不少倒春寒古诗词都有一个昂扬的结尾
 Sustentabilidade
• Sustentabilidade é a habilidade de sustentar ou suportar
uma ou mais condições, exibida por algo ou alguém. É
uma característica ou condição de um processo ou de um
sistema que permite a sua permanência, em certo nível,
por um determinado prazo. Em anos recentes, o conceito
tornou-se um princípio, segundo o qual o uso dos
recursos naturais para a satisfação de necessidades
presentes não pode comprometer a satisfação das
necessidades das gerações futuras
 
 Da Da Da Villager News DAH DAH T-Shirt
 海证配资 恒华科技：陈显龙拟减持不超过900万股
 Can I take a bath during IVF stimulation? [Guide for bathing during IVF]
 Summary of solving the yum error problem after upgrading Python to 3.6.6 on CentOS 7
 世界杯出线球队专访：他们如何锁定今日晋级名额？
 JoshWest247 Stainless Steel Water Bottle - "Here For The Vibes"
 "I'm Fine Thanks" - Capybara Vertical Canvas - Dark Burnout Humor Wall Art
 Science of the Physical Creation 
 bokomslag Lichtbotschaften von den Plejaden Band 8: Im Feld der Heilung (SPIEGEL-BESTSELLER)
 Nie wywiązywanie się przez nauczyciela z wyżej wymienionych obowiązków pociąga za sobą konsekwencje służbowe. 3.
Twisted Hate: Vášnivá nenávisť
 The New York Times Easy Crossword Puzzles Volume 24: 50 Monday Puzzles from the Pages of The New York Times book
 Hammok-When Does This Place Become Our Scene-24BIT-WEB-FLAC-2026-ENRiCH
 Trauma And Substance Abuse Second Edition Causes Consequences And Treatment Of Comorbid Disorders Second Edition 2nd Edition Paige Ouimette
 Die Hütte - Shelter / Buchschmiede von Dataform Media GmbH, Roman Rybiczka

- **Task to carry out**: Look in the material above for the line with "Nie wywiązywanie się" and the line with "The New York Times Easy", and transcribe exactly those lines and all lines between them, nothing more.

- **Answer to this task**:
 Nie wywiązywanie się przez nauczyciela z wyżej wymienionych obowiązków pociąga za sobą konsekwencje służbowe. 3.
Twisted Hate: Vášnivá nenávisť
 The New York Times Easy Crossword Puzzles Volume 24: 50 Monday Puzzles from the Pages of The New York Times book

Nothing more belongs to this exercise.